この立場からすれば、国民支配道具としての情報収集に反対・・収集目的が違うと言うことでしょうが、革新系文化人は中国基準(取締目的)でのデータの必要性を見るから政府のデータ収集をいやがるのでしょうか?
政府は国民の敵と言う意識が強いようですが、国民主権国家では国民のために政府が如何に働くかが重要です。
政府は国民のために働く下部機関ですが、企業で言えば部下にキチンと仕事をして貰うには、仕事の対象に関する正確な情報提供が必須です。
痛いところを治してもらうには出来るだけ多くの情報を医師に与える必要がありますが、会社に降格されたくない基準で言えば、会社には体調をあまり知られたくない方向に働きます。
「何でも反対」と言う革新系の意識に「政府は国民の敵」と言う前提があるのでは、国民国家の時代に前提が合っていないことになります。
国民主権社会では、日本社会のためになることを目指すのが政府の仕事=政府や野党政治家は国民のためになる政策提案を競うものですが、政府の政策は全て国民敵視政策と決めている立場からすれば、その政策が国民のために役に立つかどうかの検討よりも前に国家秩序に組み込まれるかどうかの視点・・組み込まれる恐れのあるものは全て反対となるのは仕方がないことです。
しかし統計や防犯カメラなどに協力すれば統治機構に組み込まれるかも知れませんが、安全社会や統計の正確さによる政治の効率化(ひいては国際競争に生き残る)の恩恵を国民が受けるのです。
革新系文化人は、社会の利便性や恩恵を無視して統治機構に組み込まれること自体が悪と言う19世紀の夜警国家の思想にこだわっているように見えます。
何かと言うと近代法の原理に反すると言うのが彼らの特徴ですが、思想の基礎が違って来ているのです。
現在中国ではまだ人権尊重が未発達・・国民主権国家ではないことから正に妥当する原理ですが、これを日本に持って来て教えてやると言うからおかしなことになるのです。

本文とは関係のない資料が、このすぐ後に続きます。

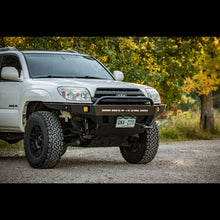 Load image into Gallery viewer, C4 Fabrication 03-09 4th Gen Toyota 4Runner Overland Series Front Bumper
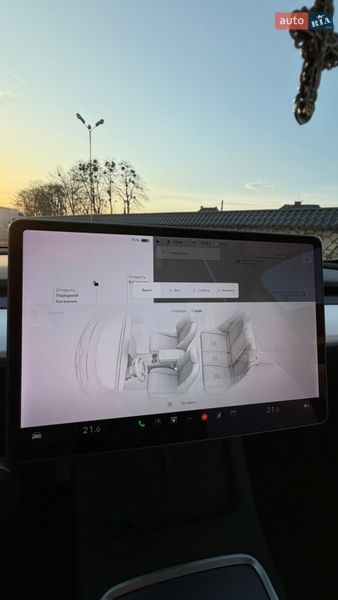 Внедорожник / Кроссовер Tesla Model Y 2022 в Львове фото 20 Внедорожник / Кроссовер Tesla Model Y 2022 в Львове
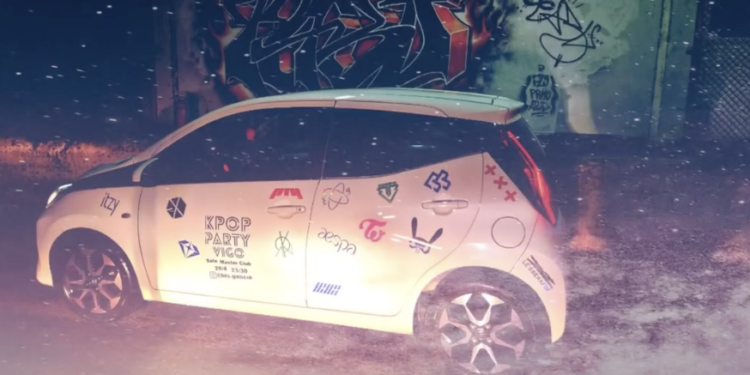 Vigo acoge la primera Kpop Party de Galicia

核実験であれ公害であれ、中国のやることには一切問題にしないで2世紀ほど先に走っている日本で19世紀型思想基準で問題にするのですから(幼稚園児に妥当する行動基準を大学生に強要しているようなもので)適用の場を間違えていないかの疑問です。

指標破壊→民意不明・信用破壊1

中国、韓国のように指標がいい加減だと本当の指標を絶え間なく自己流に探す・開発して行くしかないので、深読みの意見に頼るしかないので効率がすごく落ちます。
深読みとは、客観データでは分らない裏の情報をキャッチして読む力ですから情報機関の役割の大きい社会です。

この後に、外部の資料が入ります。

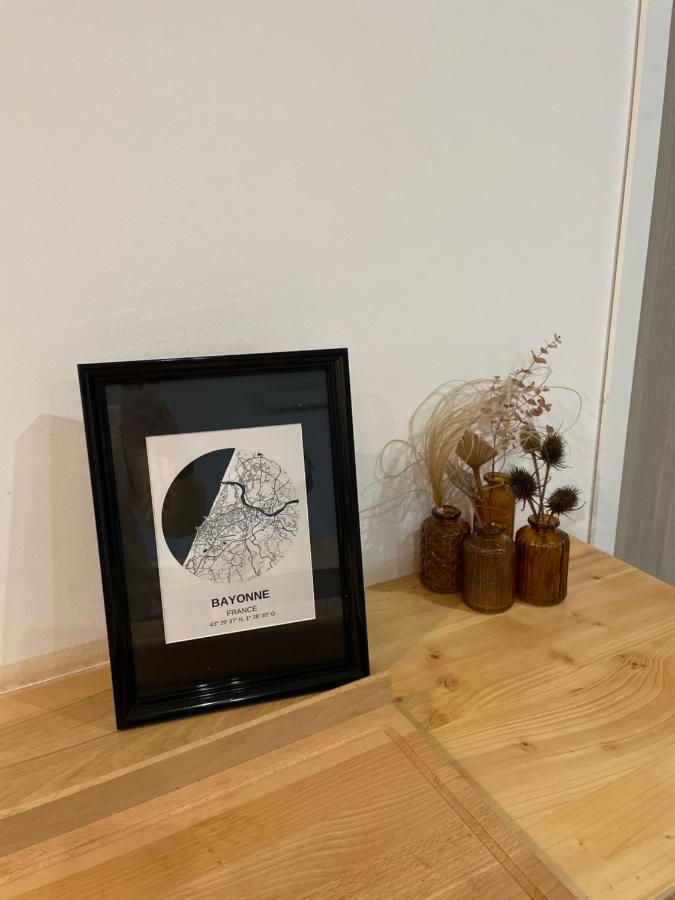 Appartement T2 Bayonne St Esprit Avec Parking Kültér fotó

中国で言えば、ある会合での歩く順序や座席の位置から力関係の変化を読むのがはやっているのが好例ですが効率が酷く悪い社会になります。
私のマスコミ批判は独自情報を知っているから批判しているのではなく、マイナンバ−であれ、実質賃金であれ「多数国民意見」であれ同じデータの解釈をマスコミがすり替えてあるいは如何にも関係がありそうに誤誘導していることに対する批判です。
我が国のマスコミが当てにならない批判を受けているのはデータが虚偽に満ちている(これはマスコミではなく政府の責任です)からではなく、データを故意に読み違えて「角度」をつけて報道しているキライがあるからです。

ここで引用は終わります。